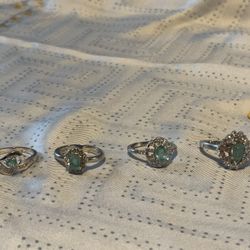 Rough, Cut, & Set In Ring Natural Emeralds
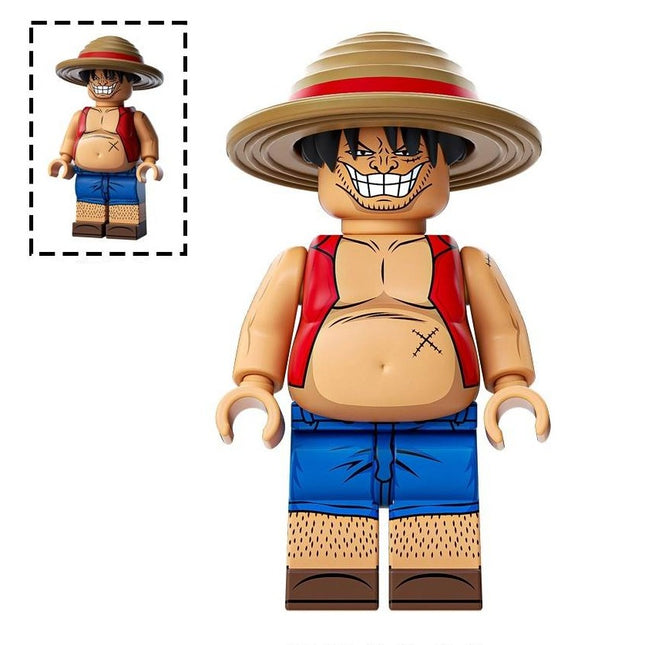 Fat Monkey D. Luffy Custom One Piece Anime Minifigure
---
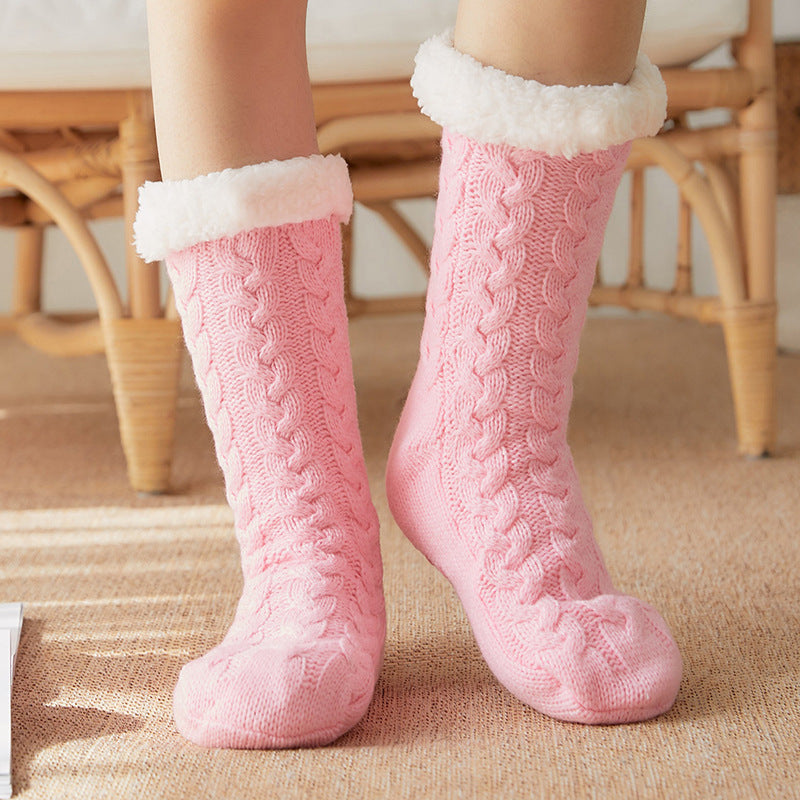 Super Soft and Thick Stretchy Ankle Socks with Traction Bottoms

What to do →
Extract, without any images, the part of the material above that opens with the line containing "Rough, Cut, & Set In Ring Natural Emeralds" and closes with the line containing "Fat Monkey D.", both lines included.

Answer to this problem →
 Rough, Cut, & Set In Ring Natural Emeralds
 Fat Monkey D. Luffy Custom One Piece Anime Minifigure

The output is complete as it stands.